Continuaron observando objetos y grabados, Akane hacía rápidos dibujos y notas para poder completar su reporte. Siguieron su recorrido hasta que entraron a una sala diferente. Esa era inconfundible, habían entrado a la sala del antiguo Egipto. La joven quedó maravillada cuando ingresó al lugar. La cultura egipcia siempre le había parecido fascinante y enigmática. Decidió acelerar el paso para acercarse más al guía y alejarse lo más posible de Kuno, esta sala le interesaba mucho. Gosunkugi vio la oportunidad de acercarse a Akane y no dudó en aprovecharla.
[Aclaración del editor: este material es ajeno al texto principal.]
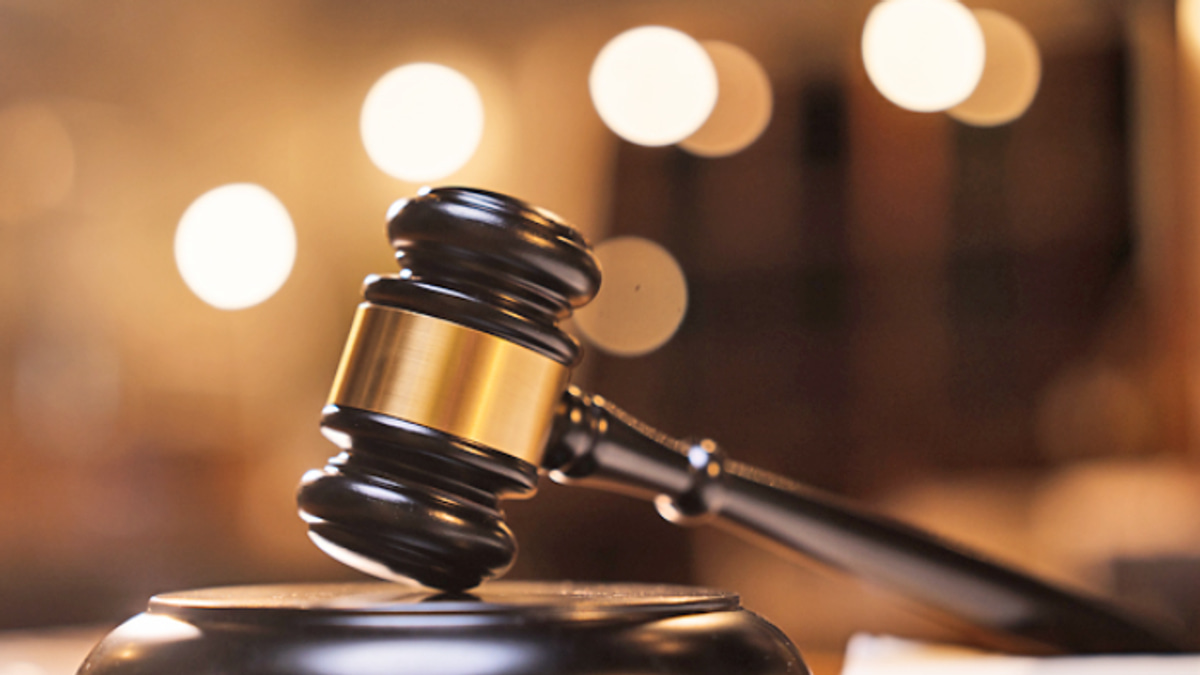 Two Chinese Nationals Fined for Smuggling Alcohol and Cigarettes into Brunei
−Ho-hola Akane… por lo que veo te gusta mucho la cultura egipcia ¿o me equivoco?
−Estas en lo cierto Gosunkugi, me fascina.
−Ya veo… mmm, ¿sa-sabías que la palabra 'Faraón significa' 'Gran Casa'?
− ¿En verdad? Vaya, qué interesante. −El guía continuó con su charla:
"… a continuación podemos observar este fragmento que es la parte superior de una estatua colosal del faraón de la XIX dinastía Ramsés II, procedente de su templo conmemorativo en Tebas…"
− ¡Wow! Esta estatua sí que es enorme.
−Lo sé, en verdad lo es… oye Akane… mmm, ¿si-sigues yendo a entrenar con ese joven que conociste en el parque?
−Sí
−Oh… y…este… ¿irás a entrenar hoy?
−No, hoy no iré a entrenar.
−Ah, y… ¿te-te gus-gutaría salir conmigo hoy?
−Lo siento Gosunkugi pero no puedo.
− ¿No puedes?
−No. Saldré con Ryan, el joven que conocí en el parque. Por eso no puedo salir contigo. −Respondió Akane con total indiferencia mientras tomaba notas.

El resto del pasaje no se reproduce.